**WHAT YOU HAVE TO DO:** Your task is to restate the listing word for word without the pictures.

**STORED DATA:**
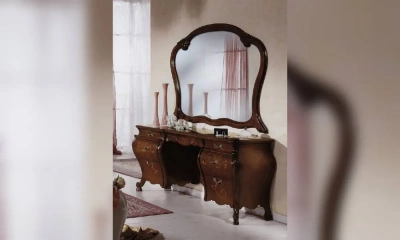 Туалетный Столик Morello Gianpaolo Luxor Edizione 4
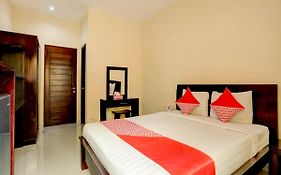 Oyo 3190 Pondok Putra Bersaudara Hotel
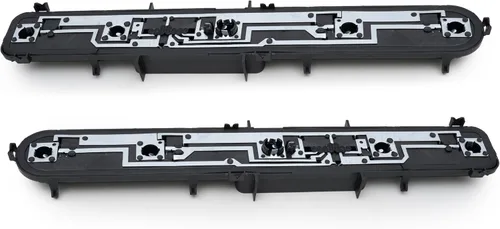 Miniatura 6 de Placa de circuito de la luz trasera del automóvil izquierda compatible con Mercedes Benz Sprinter 906 OE 0008201378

**SOLUTION TO THIS EXERCISE:**
 Туалетный Столик Morello Gianpaolo Luxor Edizione 4
 Oyo 3190 Pondok Putra Bersaudara Hotel
 Miniatura 6 de Placa de circuito de la luz trasera del automóvil izquierda compatible con Mercedes Benz Sprinter 906 OE 0008201378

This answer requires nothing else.